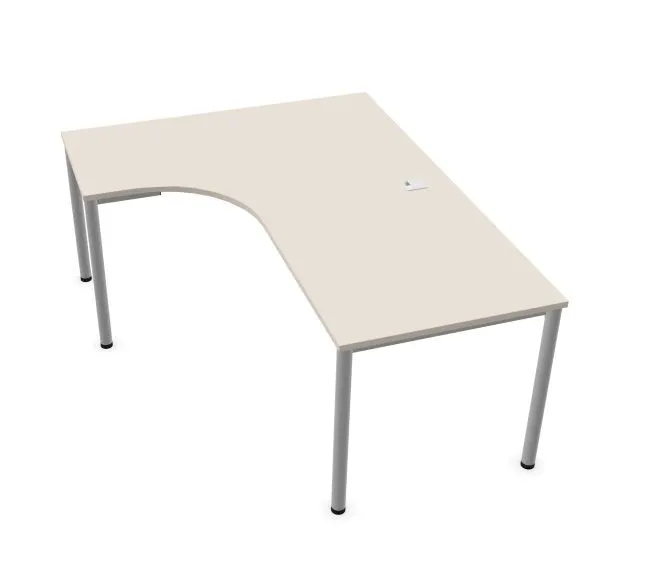 Biurko narożne EASY SPACE I-LEG LS 180x140cm kaszmirowe I sklep meblowy MIRAT.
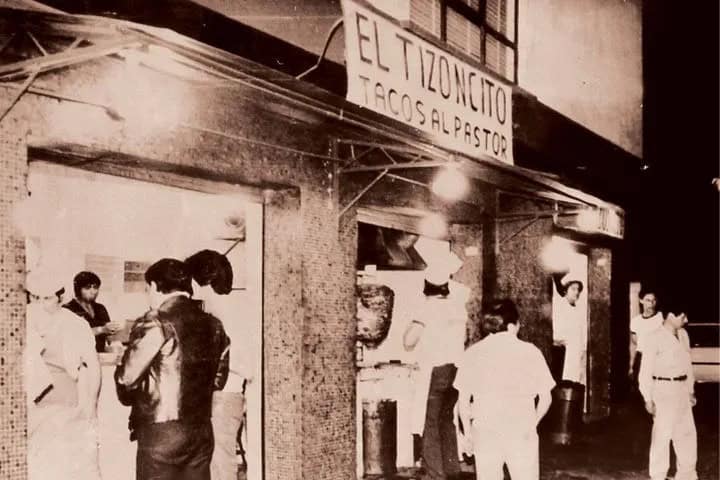 8. El Tizoncito, primera taquería de tacos al pastor en México. Foto - Revista Yucatán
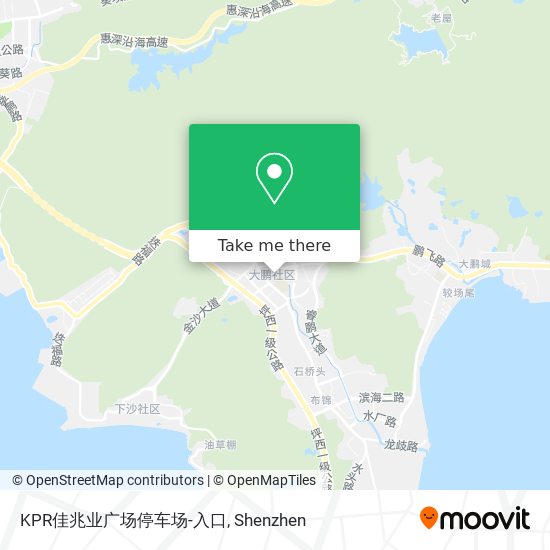 KPR佳兆业广场停车场-入口 map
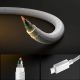 5. Kabel Spigen Essential EB6015CC USB-C 60W 150 cm - biały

◆ What is being asked
Retype the whole listing, keeping every line identical and omitting all pictures.

◆ Result below
 Biurko narożne EASY SPACE I-LEG LS 180x140cm kaszmirowe I sklep meblowy MIRAT.
 8. El Tizoncito, primera taquería de tacos al pastor en México. Foto - Revista Yucatán
 KPR佳兆业广场停车场-入口 map
 5. Kabel Spigen Essential EB6015CC USB-C 60W 150 cm - biały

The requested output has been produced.